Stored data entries
▼▼▼
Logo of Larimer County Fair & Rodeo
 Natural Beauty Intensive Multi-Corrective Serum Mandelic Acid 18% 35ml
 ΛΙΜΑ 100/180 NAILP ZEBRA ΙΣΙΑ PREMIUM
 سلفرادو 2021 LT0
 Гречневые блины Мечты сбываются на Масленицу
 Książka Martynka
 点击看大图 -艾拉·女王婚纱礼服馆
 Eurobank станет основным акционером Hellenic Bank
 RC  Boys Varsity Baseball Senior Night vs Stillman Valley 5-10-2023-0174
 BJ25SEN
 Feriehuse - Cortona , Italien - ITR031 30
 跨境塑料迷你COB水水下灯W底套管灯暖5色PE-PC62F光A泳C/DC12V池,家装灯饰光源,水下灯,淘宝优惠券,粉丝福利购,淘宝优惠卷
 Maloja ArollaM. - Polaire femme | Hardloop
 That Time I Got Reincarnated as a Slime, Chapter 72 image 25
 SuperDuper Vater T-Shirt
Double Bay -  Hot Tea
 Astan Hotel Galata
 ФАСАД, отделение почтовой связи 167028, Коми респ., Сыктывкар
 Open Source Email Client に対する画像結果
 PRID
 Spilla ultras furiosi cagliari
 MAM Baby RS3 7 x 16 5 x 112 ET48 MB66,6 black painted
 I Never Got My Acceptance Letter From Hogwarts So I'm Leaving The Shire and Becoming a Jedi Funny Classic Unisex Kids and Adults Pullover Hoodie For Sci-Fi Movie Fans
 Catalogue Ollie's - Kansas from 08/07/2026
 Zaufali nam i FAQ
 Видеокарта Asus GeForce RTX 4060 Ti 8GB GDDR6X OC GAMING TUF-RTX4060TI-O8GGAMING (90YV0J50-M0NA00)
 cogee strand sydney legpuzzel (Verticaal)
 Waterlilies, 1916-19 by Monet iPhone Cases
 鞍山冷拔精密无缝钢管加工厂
▲▲▲
- [ABOUT THIS EXERCISE]: Among the entries above, copy exactly only the lines starting with the one containing "Spilla ultras furiosi cagliari" and going through the one containing "I Never Got", both ends included.

- [EXERCISE ANSWER]:
 Spilla ultras furiosi cagliari
 MAM Baby RS3 7 x 16 5 x 112 ET48 MB66,6 black painted
 I Never Got My Acceptance Letter From Hogwarts So I'm Leaving The Shire and Becoming a Jedi Funny Classic Unisex Kids and Adults Pullover Hoodie For Sci-Fi Movie Fans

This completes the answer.